## Goal of the exercise
Repeat the listing word for word, but skip any pictures.

## The data
*** Begin section ***
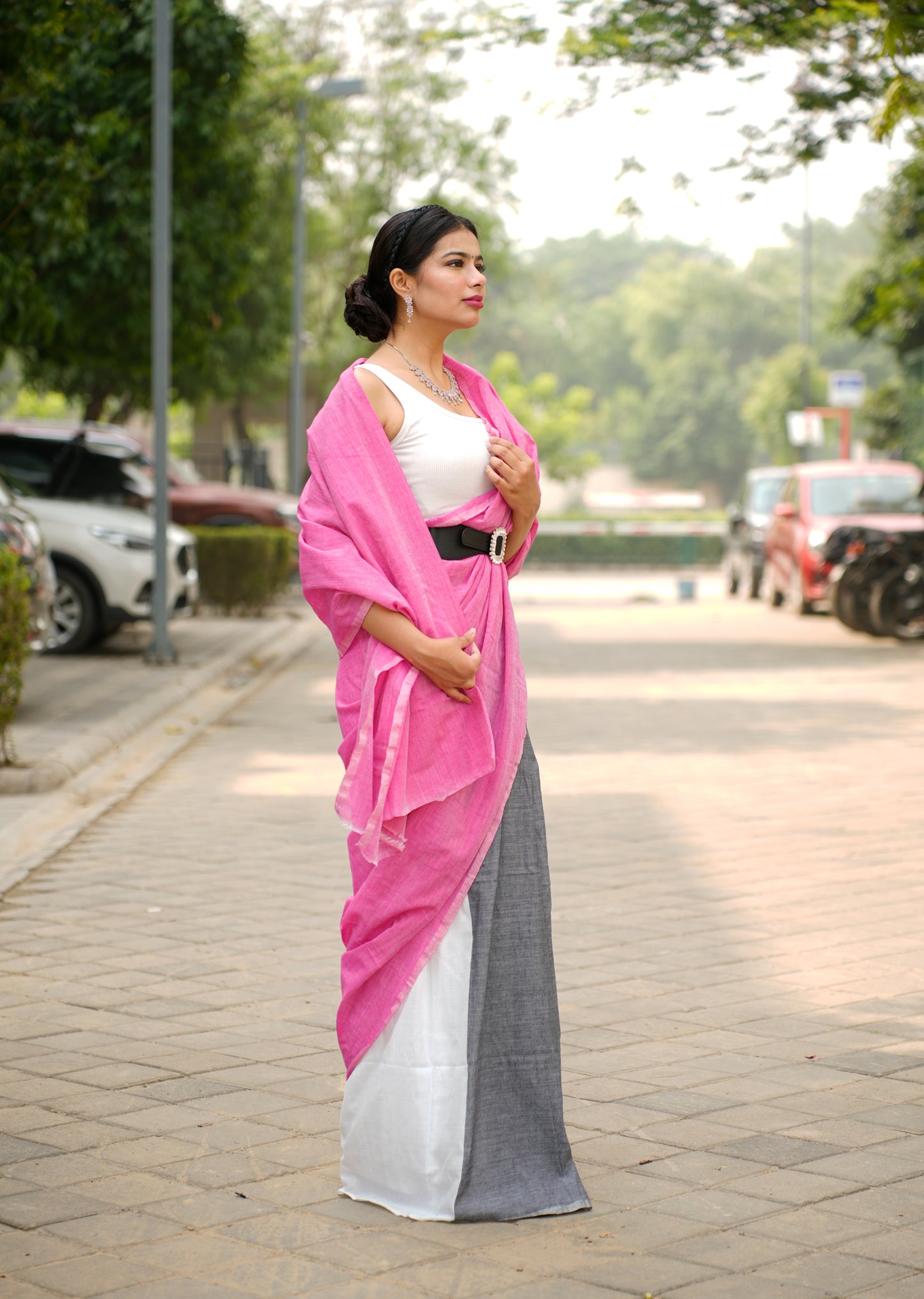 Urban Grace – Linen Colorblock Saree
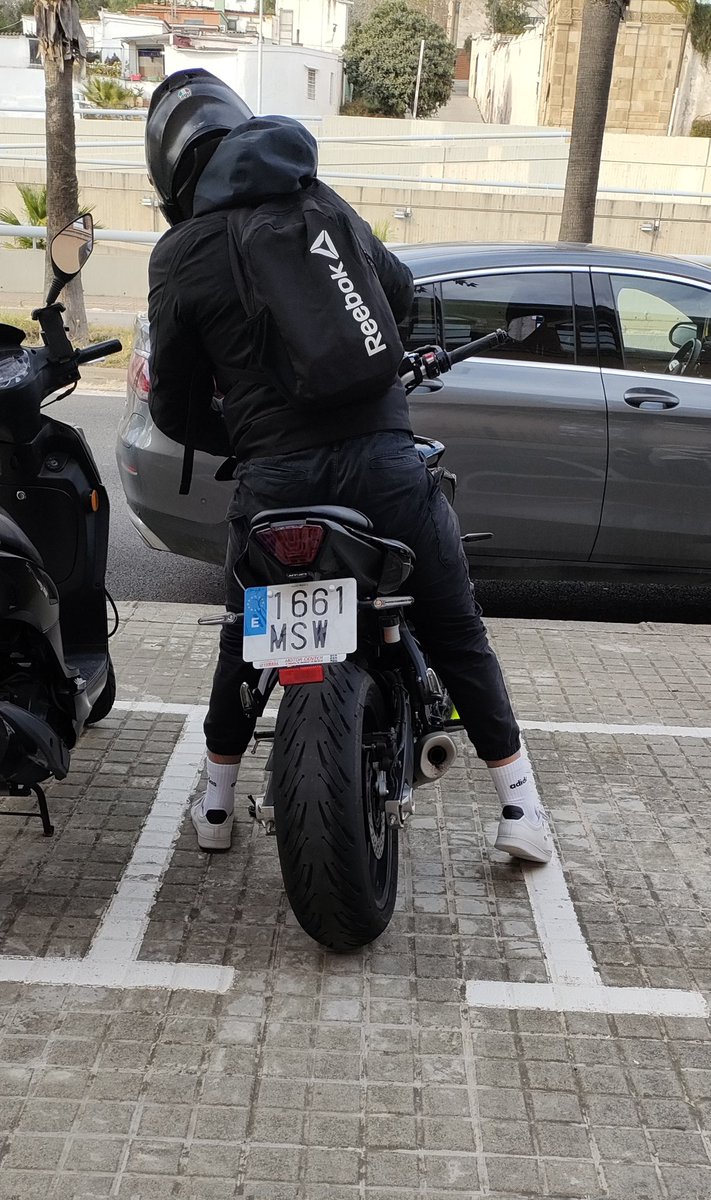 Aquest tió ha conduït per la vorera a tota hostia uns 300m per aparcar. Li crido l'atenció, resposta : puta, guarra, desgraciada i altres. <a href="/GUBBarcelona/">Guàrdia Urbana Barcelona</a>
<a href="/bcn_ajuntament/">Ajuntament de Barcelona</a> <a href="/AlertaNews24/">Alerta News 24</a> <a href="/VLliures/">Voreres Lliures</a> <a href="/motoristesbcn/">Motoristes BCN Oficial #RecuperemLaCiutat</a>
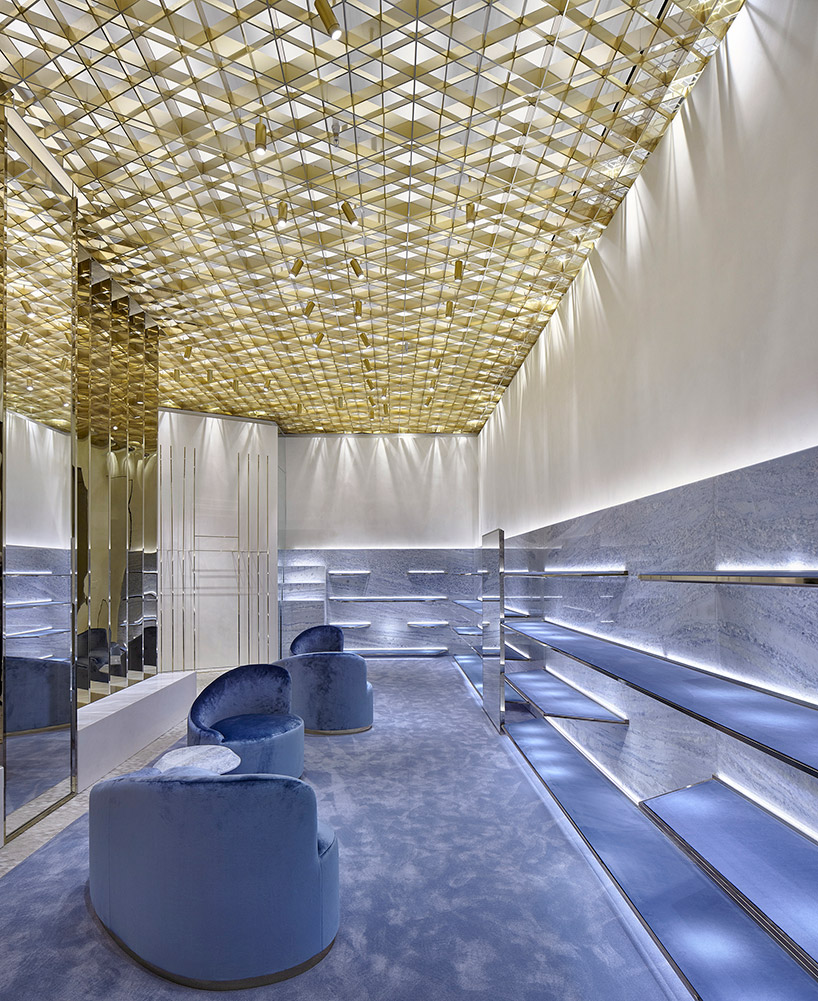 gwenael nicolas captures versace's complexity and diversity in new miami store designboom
*** End section ***
## Answer space
 Urban Grace – Linen Colorblock Saree
 Aquest tió ha conduït per la vorera a tota hostia uns 300m per aparcar. Li crido l'atenció, resposta : puta, guarra, desgraciada i altres. <a href="/GUBBarcelona/">Guàrdia Urbana Barcelona</a>
<a href="/bcn_ajuntament/">Ajuntament de Barcelona</a> <a href="/AlertaNews24/">Alerta News 24</a> <a href="/VLliures/">Voreres Lliures</a> <a href="/motoristesbcn/">Motoristes BCN Oficial #RecuperemLaCiutat</a>
 gwenael nicolas captures versace's complexity and diversity in new miami store designboom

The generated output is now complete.